• **WHAT YOU ARE ASKED TO DO**
Go through the data and copy each line where the word "Poly" shows up.

(Data records)
^^^^^^^^
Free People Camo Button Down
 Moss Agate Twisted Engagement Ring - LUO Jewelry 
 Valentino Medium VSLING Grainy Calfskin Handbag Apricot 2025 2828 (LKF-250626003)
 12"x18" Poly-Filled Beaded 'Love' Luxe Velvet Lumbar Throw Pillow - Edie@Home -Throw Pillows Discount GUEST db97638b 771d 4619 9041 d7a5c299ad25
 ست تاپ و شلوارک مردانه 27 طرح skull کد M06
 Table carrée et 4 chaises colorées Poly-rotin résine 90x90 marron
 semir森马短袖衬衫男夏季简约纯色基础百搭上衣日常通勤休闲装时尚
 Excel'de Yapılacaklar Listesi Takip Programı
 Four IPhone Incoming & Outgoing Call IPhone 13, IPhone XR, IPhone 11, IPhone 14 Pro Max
^^^^^^^^
• **RESULT BELOW**
 12"x18" Poly-Filled Beaded 'Love' Luxe Velvet Lumbar Throw Pillow - Edie@Home -Throw Pillows Discount GUEST db97638b 771d 4619 9041 d7a5c299ad25
 Table carrée et 4 chaises colorées Poly-rotin résine 90x90 marron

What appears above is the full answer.